Friday, August 29, 2003

Landlocked Navy Dreams

After the plane crash, our teachers came round to check that we were OK. Mr Snowkey specifically said 'OK' because that was the way he always spoke. If he shouted at one of us he would always ask later whether we were OK. We all knew he did this because he had less confidence than we did. He shakily put his arm around one of the girls who pretended to be upset and then removed it in the confusion created in his head by his Liberal and Conservative parents. I was still wearing my really cool mirror shades and this seemed to throw Mr Snowkey a bit. Where another teacher would have told me to take them off he tried to tough it out and see through to my eyes but had to turn away. We loved him just the same because he let us drink beer - or more likely cider - at the school parties. At lunchtime we would sneak out to the pub across the street where the head girl lived. If she felt generous we would return with cold cider and swig it in the garden. If not we would make tea using an old sock and an antique teapot left by our temporary German Physics teacher when he went back to Hamburg.

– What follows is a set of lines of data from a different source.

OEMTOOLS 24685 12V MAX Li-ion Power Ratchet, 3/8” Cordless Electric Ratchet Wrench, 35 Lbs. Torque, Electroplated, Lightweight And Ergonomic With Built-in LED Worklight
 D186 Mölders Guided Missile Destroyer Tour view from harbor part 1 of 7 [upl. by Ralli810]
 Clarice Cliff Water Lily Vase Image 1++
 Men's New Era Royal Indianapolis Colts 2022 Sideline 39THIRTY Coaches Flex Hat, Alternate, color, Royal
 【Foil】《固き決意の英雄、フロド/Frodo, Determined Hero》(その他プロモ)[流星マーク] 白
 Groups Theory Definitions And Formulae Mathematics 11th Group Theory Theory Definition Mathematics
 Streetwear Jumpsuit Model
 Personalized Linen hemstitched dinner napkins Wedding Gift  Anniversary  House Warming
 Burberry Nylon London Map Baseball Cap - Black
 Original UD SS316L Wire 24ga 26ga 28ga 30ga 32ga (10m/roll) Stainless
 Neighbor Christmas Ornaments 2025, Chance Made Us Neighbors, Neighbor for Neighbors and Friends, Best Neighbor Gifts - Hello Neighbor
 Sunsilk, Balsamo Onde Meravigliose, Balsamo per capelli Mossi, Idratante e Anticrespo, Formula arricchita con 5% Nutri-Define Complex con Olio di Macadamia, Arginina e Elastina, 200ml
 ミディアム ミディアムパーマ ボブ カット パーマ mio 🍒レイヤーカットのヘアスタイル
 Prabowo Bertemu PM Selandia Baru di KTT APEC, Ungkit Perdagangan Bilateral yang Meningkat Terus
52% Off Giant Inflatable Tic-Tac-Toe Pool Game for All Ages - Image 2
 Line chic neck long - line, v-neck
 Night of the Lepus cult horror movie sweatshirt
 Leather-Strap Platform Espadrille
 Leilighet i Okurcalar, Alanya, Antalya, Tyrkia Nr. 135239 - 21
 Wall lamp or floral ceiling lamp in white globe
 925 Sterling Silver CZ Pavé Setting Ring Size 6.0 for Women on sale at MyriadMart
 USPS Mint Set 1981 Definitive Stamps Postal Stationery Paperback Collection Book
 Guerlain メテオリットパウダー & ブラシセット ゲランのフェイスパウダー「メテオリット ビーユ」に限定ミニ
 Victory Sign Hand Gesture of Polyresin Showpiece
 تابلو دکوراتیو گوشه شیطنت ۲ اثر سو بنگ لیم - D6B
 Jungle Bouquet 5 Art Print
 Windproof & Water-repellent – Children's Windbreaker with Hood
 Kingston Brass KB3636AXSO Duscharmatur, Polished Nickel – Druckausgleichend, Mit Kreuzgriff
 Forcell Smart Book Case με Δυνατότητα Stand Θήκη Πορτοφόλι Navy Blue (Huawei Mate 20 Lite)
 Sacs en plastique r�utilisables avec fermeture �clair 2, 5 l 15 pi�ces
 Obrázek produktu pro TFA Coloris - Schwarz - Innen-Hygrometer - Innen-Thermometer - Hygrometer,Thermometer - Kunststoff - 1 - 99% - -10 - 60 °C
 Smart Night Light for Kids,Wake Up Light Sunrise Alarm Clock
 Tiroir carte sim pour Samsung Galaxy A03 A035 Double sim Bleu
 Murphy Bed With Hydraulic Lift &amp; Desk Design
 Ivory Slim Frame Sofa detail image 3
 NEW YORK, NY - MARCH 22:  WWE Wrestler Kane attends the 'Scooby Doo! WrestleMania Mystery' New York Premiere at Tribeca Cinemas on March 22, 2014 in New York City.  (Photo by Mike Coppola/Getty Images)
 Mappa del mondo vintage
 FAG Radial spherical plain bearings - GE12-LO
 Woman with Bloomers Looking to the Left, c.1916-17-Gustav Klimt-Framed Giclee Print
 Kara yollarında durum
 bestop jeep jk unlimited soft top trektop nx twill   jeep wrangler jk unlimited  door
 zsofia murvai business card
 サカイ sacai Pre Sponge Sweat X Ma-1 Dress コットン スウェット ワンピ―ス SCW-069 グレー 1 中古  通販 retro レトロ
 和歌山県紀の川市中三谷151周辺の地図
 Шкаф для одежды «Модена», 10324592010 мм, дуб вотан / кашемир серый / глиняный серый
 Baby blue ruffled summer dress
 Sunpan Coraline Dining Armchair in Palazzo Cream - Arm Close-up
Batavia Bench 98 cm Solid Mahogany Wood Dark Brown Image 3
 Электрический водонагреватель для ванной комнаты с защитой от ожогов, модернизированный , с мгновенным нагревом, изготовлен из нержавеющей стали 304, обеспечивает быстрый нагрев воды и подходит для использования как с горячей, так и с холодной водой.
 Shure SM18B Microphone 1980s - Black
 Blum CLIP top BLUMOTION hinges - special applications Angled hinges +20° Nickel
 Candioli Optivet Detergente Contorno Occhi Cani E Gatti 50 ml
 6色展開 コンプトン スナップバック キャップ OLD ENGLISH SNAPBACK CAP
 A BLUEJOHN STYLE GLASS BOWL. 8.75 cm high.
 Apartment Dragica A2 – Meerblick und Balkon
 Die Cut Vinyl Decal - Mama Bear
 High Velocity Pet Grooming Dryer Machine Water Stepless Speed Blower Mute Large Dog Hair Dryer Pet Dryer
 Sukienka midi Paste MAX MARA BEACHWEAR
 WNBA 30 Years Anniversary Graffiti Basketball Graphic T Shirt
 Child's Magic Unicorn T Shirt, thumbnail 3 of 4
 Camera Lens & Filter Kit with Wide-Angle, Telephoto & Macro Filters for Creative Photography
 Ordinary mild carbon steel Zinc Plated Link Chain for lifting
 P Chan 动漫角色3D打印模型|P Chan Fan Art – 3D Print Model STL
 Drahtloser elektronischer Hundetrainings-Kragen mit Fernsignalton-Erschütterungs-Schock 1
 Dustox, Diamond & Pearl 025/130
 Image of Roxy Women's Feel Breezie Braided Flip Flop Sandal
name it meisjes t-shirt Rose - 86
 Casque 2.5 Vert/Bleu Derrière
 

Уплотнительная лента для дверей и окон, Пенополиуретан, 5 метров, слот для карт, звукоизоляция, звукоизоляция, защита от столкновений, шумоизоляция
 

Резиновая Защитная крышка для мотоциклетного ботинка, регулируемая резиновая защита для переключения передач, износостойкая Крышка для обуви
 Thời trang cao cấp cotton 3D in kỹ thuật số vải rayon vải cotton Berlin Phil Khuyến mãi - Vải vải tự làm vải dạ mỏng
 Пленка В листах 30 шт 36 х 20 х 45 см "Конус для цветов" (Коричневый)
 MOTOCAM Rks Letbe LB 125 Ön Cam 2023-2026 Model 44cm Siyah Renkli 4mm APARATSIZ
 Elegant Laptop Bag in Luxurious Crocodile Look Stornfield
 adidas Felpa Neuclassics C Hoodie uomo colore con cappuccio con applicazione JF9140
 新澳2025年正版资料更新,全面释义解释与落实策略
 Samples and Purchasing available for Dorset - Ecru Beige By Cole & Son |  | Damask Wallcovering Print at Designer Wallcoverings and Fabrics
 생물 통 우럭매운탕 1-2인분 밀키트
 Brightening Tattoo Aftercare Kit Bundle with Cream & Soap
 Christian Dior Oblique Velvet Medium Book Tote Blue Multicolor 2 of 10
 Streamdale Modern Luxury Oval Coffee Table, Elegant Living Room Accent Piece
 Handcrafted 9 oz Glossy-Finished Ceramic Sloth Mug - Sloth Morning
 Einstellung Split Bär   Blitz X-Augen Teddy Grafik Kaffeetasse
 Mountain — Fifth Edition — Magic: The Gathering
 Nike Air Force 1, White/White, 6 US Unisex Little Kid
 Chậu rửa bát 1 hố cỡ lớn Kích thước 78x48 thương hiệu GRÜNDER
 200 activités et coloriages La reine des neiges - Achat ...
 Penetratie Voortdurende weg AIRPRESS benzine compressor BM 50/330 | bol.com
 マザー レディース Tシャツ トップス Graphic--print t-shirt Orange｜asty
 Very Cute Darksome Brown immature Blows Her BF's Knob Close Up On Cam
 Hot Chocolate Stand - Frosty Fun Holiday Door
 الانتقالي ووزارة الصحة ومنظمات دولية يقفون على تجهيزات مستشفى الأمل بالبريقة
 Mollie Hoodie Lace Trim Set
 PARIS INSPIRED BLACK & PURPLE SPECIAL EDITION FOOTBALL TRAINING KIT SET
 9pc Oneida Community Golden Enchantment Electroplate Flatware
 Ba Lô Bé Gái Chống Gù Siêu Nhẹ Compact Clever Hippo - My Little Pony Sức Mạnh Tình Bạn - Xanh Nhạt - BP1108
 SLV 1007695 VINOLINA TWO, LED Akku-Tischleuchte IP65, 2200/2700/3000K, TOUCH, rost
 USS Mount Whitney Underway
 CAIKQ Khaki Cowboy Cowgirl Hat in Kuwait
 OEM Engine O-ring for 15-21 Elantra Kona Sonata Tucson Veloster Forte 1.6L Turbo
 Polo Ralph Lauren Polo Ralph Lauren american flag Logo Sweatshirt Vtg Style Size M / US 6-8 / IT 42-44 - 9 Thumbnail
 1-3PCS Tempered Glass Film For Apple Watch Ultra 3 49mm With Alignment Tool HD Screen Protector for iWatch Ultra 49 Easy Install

All the best teachers are the ones of your own age though occasionally you must get a good one who is a bit like a favourite uncle and says 'mate' a lot. At our school this was Mr Jones (his real name possibly) who had been the source of several rumours about inappropriate behaviour with female pupils and still we liked him, especially the girls. Svengali or Slightly bedraggled uncle? I chose then but you can never see him so you will never know. Knoxxy Eugenia loved him and still does. He once caught a group of us with gunpowder we had made using the relevant ingredients found in the old science lab. Rather than turn us in to the head master, he helped us light it and though the bang was pitiful, we all remembered it as much louder, probably because it had been set off by a teacher.
I have no idea where he is now and no idea why he is here in this story apart from Knoxxy being besotted with him. At the age she was then, she was easily swayed in one direction or another and Mr Jones was a cinch.

I like this story. Knoxxy Eugenia is joining up everything though she is not in the plane crash stuff. I could just lie back with my eyes closed and try and find where she was when the plane crashed. She would obviously like to think that she was the cause and had brought the machine down just by thinking it but that is just her. I want to make up a poem just for her at that moment. I know she was outside, probably under a tree somewhere with a book. She will say that she read about a plane crashing just as we heard the first crumps of the engine failing but I know she was still reading The Kon Tiki Expedition. Just the thought of reading under a tree makes me so happy now. We did it all the time at school and never thought about how lucky we were. To be able to do that now would be so wonderful. Did Knoxxy Eugenia cause the plane crash. It really happened. I will find you the number. Find me a tree with a broadband connection.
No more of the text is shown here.